_Assignment_:
Given the records underneath, please repeat exactly the lines from the line with "4012 North 25th" through the line with "Satu-satunya gol Maccabi", passing over any picture.

_Available records_:
* * * * * * *
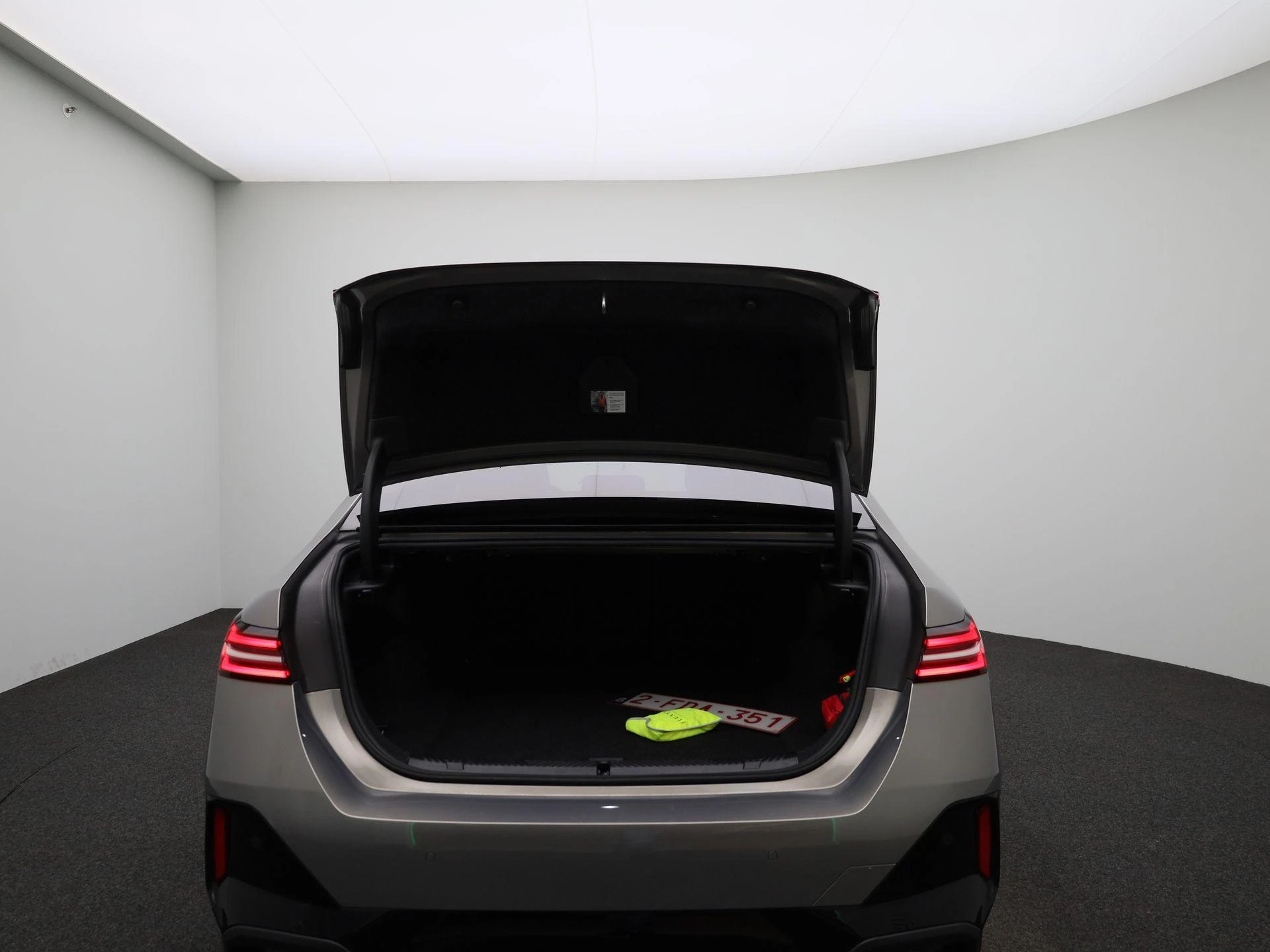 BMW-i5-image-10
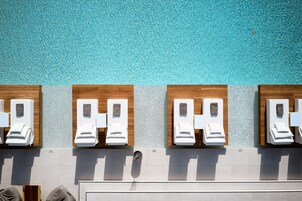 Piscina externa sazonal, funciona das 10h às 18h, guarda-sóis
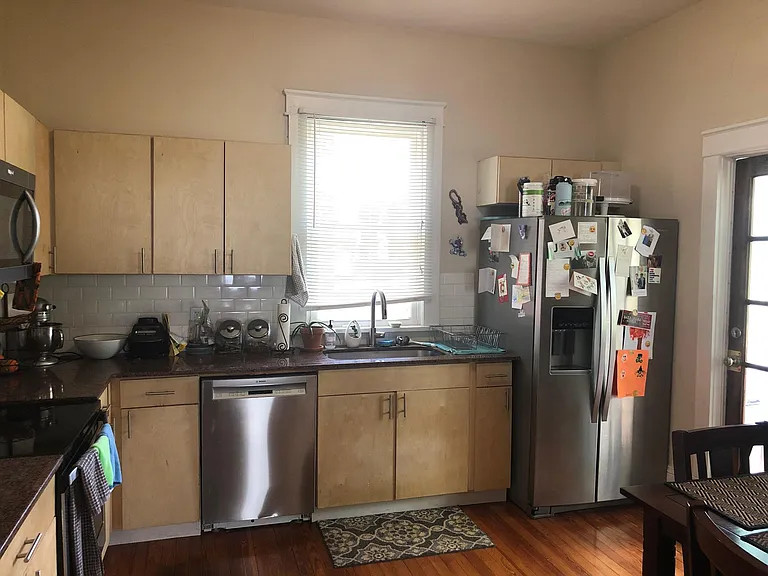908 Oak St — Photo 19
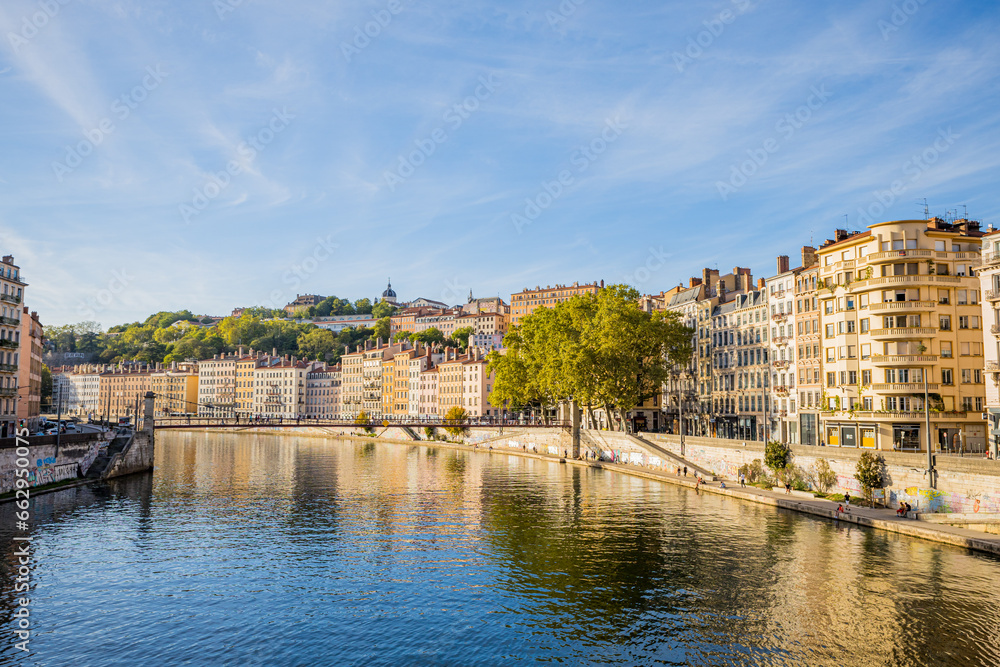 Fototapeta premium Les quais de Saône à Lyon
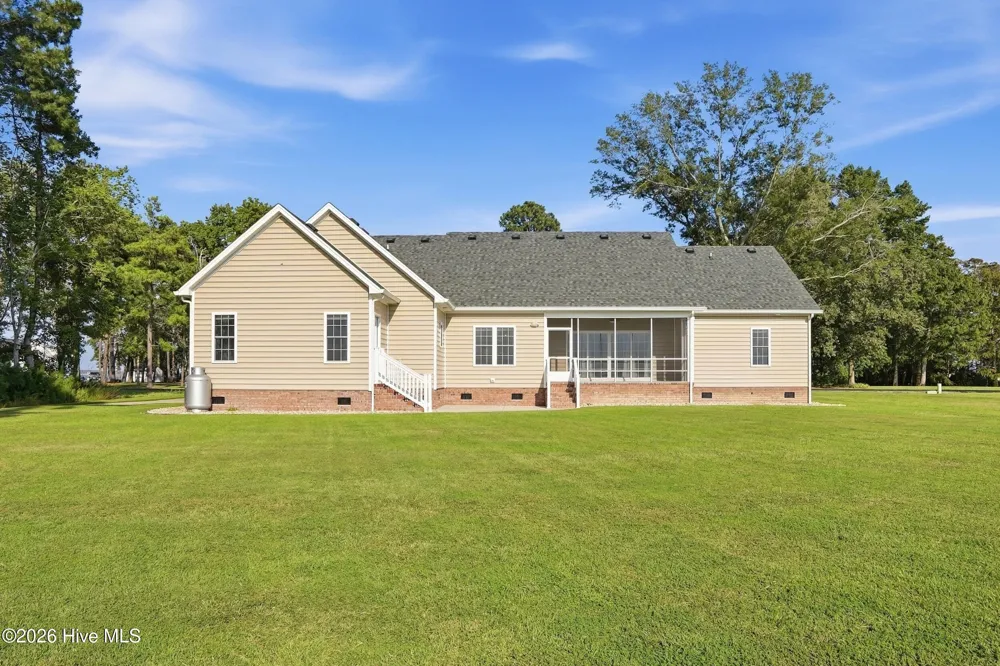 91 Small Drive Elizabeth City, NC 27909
* * * * * * *
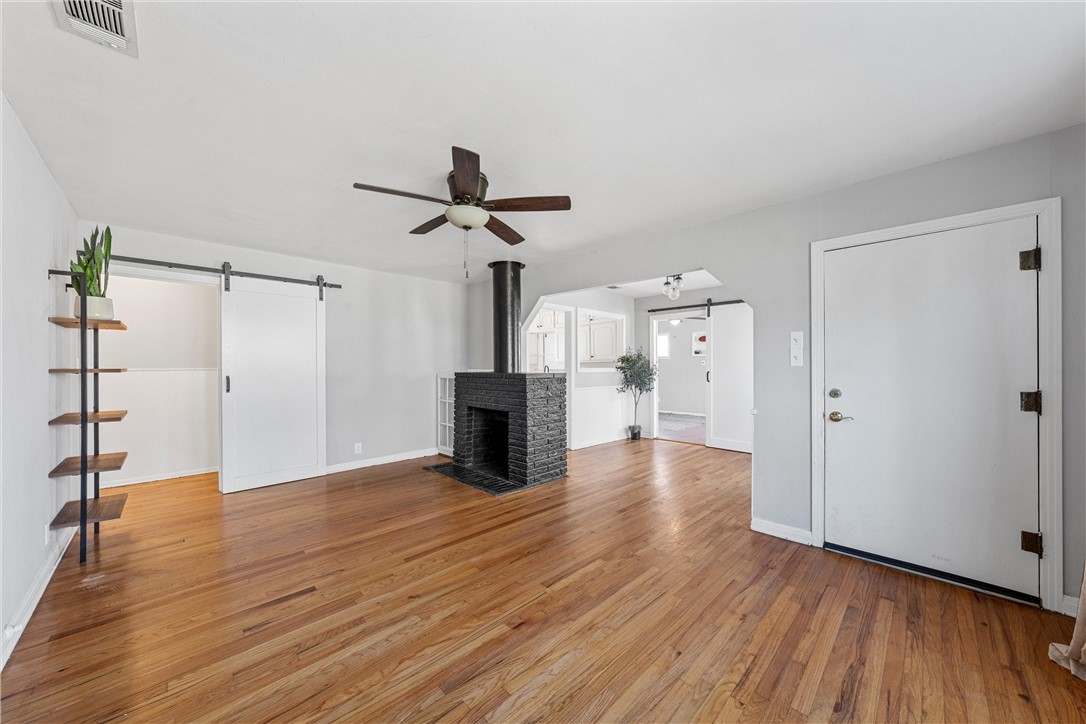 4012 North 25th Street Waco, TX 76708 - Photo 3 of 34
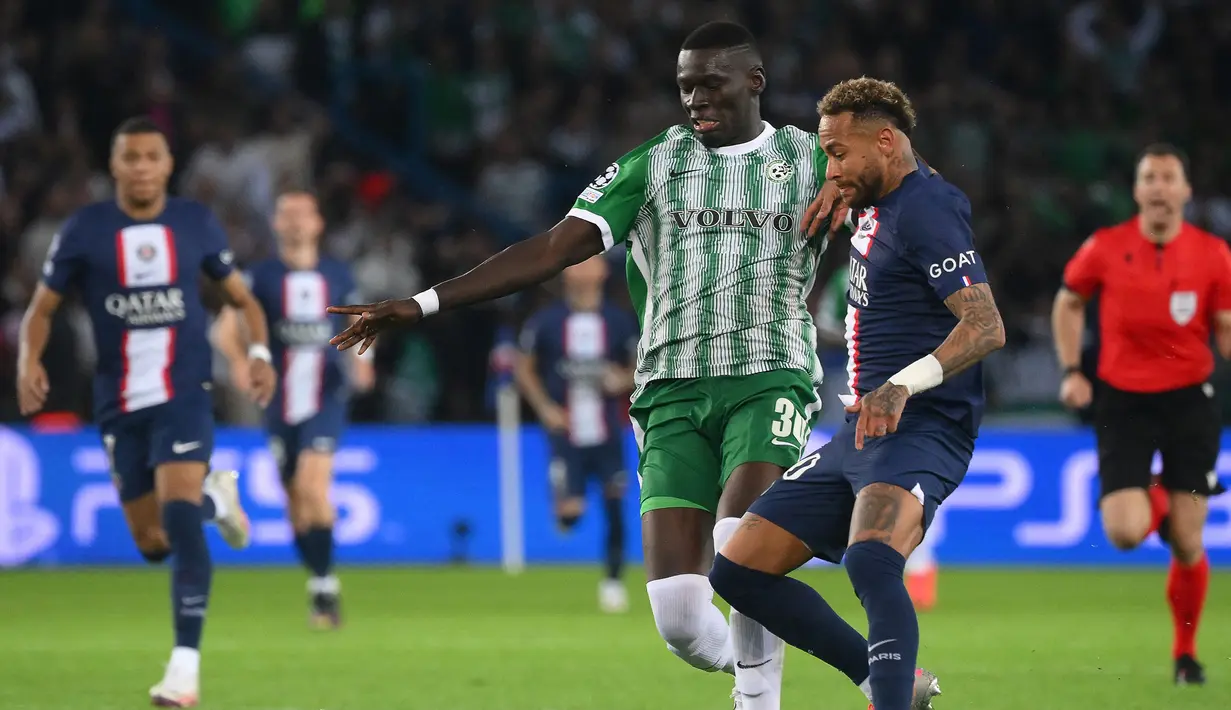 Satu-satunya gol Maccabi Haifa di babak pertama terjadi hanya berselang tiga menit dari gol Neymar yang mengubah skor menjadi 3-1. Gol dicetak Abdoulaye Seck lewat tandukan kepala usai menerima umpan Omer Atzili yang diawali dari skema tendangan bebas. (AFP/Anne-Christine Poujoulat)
* * * * * * *
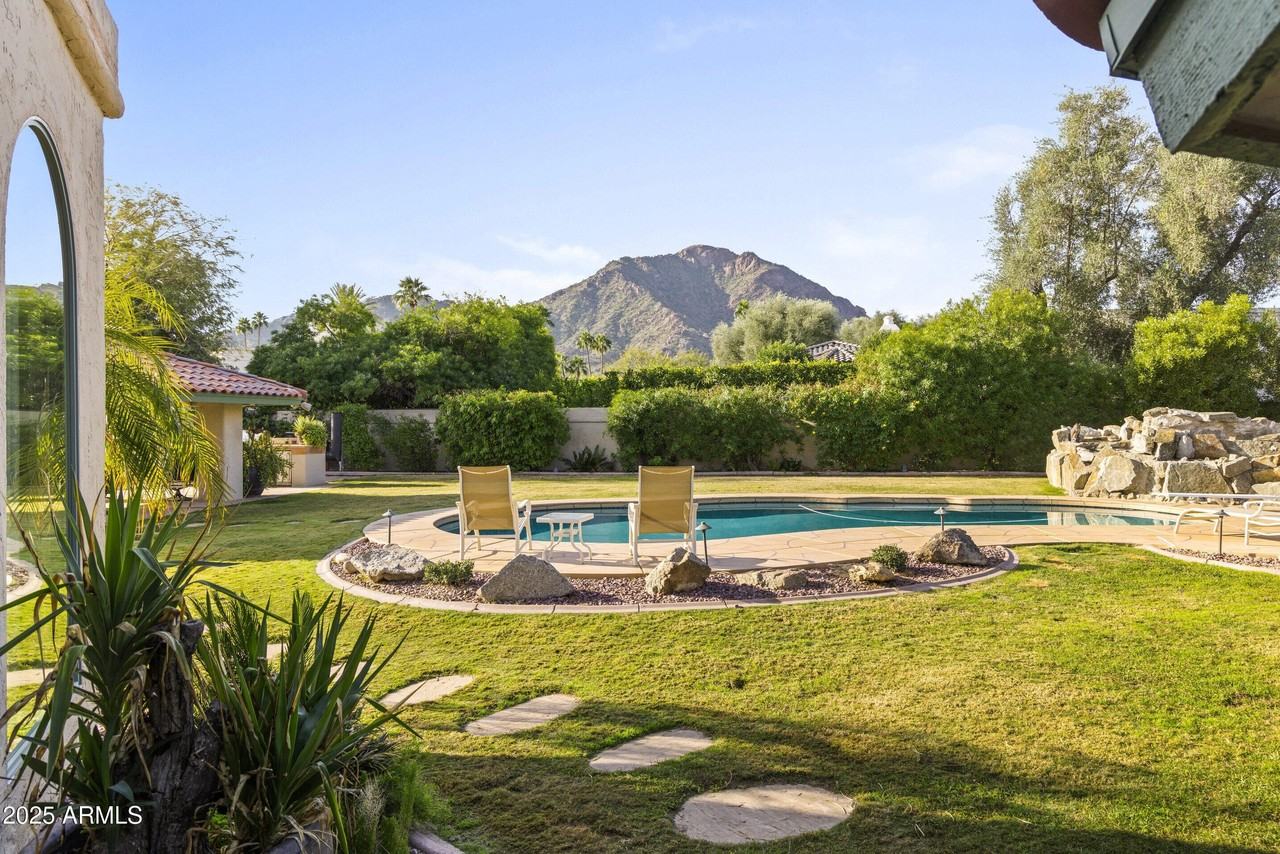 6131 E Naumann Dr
* * * * * * *
_Result_:
 4012 North 25th Street Waco, TX 76708 - Photo 3 of 34
 Satu-satunya gol Maccabi Haifa di babak pertama terjadi hanya berselang tiga menit dari gol Neymar yang mengubah skor menjadi 3-1. Gol dicetak Abdoulaye Seck lewat tandukan kepala usai menerima umpan Omer Atzili yang diawali dari skema tendangan bebas. (AFP/Anne-Christine Poujoulat)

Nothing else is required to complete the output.